Whatever may be the underlying mechanism of the diabetic hepatopathy, the most natural way to protect the liver from most damaging influences would call for the use of herbs like Picrorrhiza kurroa, Andrographis paniculata, Phyllanthus niruri and Tephrosia purpurea, which offer the best documented hepato-protective effects.

Monday, 30 April 2012

Man to Mouse, not Mouse to Man Experts Laud Reverse Pharmacology of Ayurveda

It may sound like asking Shakespeare to appear for BA examination in English, but such are the ways of the world. Ayurveda is well known to work. And it works very well too, especially in chronic disorders where many modern systems of medicine bite the dust. But for reasons of regulatory compliance, the powers that be often ask for data in black and white. Not just in animals but in patients as well. And such demands come from practicing doctors too, who are not exactly Doubting Thomases but need reassurance on herbal medicines from time to time. So it is time for time-tested Ayurveda to subject itself to an examination that it had already passed with flying color millennia ago. That is the time for reverse pharmacology (RP).

While drug discovery around the world is focused on moving drugs from test tubes to mice to men, the process of reverse pharmacology, as the name suggests, takes the reverse route. "The drugs are studied in this technology through a total shift in paradigm where the effects of drugs or natural products in humans are considered supremely important," says Dr Ashok D B Vaidya, well known expert in Ayurveda as well as allopathy.

While the conventional path of Ayurvedic Medicines starts with a hypothesis, there is no idea about how the humans will react or respond to a particular drug.

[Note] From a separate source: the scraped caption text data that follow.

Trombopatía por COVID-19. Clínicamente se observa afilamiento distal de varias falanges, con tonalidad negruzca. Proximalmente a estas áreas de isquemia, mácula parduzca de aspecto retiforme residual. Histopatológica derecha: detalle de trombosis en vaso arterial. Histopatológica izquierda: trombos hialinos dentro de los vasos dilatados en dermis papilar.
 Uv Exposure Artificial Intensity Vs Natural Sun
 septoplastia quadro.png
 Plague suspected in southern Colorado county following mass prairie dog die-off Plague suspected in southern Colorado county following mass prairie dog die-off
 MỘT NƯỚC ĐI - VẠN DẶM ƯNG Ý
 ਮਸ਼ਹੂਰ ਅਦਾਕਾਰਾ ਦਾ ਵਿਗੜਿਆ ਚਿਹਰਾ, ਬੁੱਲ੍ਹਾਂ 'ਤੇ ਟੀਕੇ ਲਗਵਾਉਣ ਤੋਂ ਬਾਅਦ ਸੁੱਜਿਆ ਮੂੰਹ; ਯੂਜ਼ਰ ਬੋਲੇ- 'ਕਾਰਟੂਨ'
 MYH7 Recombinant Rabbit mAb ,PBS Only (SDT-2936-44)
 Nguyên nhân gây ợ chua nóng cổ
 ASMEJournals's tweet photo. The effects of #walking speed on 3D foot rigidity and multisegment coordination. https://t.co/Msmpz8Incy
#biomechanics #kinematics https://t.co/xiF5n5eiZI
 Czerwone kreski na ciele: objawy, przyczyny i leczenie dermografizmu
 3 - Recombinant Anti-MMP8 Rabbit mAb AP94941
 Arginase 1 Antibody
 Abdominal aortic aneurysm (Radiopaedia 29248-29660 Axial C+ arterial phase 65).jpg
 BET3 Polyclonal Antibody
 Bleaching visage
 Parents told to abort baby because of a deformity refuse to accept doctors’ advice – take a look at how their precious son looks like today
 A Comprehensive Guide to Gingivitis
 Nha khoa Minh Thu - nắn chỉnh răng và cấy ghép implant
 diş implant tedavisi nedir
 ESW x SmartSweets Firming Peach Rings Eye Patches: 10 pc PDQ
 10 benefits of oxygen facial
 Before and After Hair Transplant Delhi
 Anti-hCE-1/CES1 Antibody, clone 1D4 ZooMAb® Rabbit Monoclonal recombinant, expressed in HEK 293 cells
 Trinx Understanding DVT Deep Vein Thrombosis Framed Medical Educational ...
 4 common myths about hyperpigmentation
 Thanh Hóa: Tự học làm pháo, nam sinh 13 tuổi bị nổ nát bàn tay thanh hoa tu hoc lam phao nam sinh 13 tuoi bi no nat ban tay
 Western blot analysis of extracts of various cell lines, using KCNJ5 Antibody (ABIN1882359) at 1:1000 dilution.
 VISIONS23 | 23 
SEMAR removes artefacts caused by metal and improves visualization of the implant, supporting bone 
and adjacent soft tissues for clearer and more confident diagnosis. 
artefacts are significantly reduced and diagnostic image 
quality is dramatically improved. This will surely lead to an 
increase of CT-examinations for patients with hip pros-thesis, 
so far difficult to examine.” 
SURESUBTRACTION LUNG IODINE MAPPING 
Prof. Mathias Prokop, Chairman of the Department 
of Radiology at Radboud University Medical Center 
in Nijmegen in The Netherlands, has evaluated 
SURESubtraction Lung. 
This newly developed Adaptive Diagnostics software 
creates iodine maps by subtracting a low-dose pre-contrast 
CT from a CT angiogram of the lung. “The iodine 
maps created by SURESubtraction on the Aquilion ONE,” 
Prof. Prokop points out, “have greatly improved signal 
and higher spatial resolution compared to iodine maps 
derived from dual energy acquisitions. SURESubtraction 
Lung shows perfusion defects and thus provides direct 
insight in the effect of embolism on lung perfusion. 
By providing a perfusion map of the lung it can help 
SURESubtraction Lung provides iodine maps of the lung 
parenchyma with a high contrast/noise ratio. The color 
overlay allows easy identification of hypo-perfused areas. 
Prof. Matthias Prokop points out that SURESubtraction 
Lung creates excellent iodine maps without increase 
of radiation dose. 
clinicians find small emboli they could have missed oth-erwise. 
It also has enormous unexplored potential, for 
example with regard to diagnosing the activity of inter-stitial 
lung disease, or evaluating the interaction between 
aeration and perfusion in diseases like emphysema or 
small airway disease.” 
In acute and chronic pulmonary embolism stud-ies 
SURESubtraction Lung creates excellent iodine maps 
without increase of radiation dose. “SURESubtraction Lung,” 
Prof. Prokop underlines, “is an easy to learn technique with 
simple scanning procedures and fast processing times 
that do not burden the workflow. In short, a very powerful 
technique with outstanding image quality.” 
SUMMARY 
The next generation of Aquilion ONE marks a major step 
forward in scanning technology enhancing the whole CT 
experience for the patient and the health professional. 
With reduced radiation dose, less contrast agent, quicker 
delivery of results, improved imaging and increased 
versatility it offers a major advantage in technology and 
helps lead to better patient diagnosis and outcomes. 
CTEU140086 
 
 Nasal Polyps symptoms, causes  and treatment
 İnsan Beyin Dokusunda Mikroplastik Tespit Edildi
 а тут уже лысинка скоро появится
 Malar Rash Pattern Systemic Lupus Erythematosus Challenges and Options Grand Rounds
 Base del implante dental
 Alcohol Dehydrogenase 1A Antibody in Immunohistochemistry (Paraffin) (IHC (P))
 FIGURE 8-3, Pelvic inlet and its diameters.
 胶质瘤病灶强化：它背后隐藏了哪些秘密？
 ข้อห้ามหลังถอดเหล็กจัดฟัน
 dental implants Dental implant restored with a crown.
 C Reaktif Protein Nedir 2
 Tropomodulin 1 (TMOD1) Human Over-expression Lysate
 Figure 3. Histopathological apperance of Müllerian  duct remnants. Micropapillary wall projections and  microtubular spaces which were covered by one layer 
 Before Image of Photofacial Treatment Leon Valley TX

That is one reason why it starts from molecules to mice and finally goes on to men. But in contrast to that, RP starts with the known clinical drug effect and safety. "RP is beneficial because you already have a starting point through which you know that the molecule is non-toxic and has some effect on humans," says Dr Rama Mukherjee, a leading figure in drug research in India.

The RP avenue offers the benefit of conducting limited trials and simultaneously demonstrating safety and efficacy in clinical and pre-clinical studies. Besides, efficacy criteria can be modulated as per clinical needs. The RP route is thus faster and more cost-effective. In contrast, the conventional drug discovery approach of screening tens of thousands of molecules and their biological targets is time-consuming, and expensive. According to Vaidya, the success rate through RP is one in ten, whereas the current success rate through conventional method of R&D is one in 50,000.

Some hot pursuit trails in reverse pharmacology are given below:
•    Tinospora cordifolia for cancer
•    Curcuma longa for precancerous mouth lesions
•    Commiphora wightii and Withania somnifera for arthritis
•    Terminalia arjuna for coronary heart disease
•    Picrorrhiza kurroa as hepatoprotective
•    Saraca asoca for menorrhagia

A blue-blooded pharmacology baptized in allopathic faith may frown on reverse pharmacology. Our medical colleges too may turn a blind eye and not bother to include it in their syllabus. But reverse pharmacology has arrived in style. And it is here to stay. Much to the relief of millions of practitioners of traditional Ayurvedic Products and the delight of the faithful.